The arguments of the top-level function in an HLS component are synthesized into interfaces and ports that group multiple signals to define the communication protocol between the HLS component and elements external to the design. The tool defines interfaces automatically, using industry standards to specify the protocol used. The type of interfaces that the tool chooses depends on the data type and direction of the parameters of the top-level function, the target flow for the HLS component, the default interface configuration settings as described in Interface Configuration, and any specified INTERFACE pragmas or directives. Ref

The interface defines three elements of the kernel:

The interface defines channels for data to flow into or out of the HLS design. Data can flow from a variety of sources external to the kernel or IP, such as a host application, an external camera or sensor, or from another kernel or IP implemented on the AMD device. The default channels for Vitis kernels are AXI adapters as described in Interfaces for Vitis Kernel Flow.
The interface defines the port protocol that is used to control the flow of data through the data channel, defining when the data is valid and can be read or can be written, as defined in Port-Level Protocols for Vivado IP Flow.
The interface also defines the execution control scheme for the HLS design, specifying the operation of the kernel or IP as pipelined or sequential, as defined in Block-Level Control Protocols.

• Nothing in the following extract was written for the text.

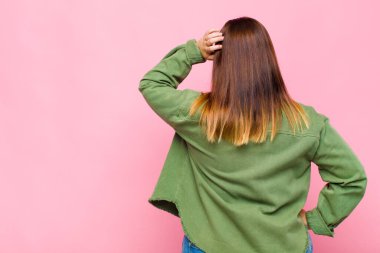 Şişman kadın bilgisiz ve kafası karışık, bir çözüm düşünüyor, eli kalçasında, diğeri kafasında, dikiz aynasından.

Vitis HLS supports memory, stream, and register interface paradigms where each paradigm follows a certain interface protocol and uses the adapter to communicate with the external world.

Memory Paradigm (m_axi): the data is accessed by the kernel through memory such as DDR, HBM, PLRAM/BRAM/URAM
Stream Paradigm (axis): the data is streamed into the kernel from another streaming source, such as video processor or another kernel, and can also be streamed out of the kernel.
Register Paradigm (s_axilite): The data is accessed by the kernel through register interfaces and accessed by software as register reads/writes.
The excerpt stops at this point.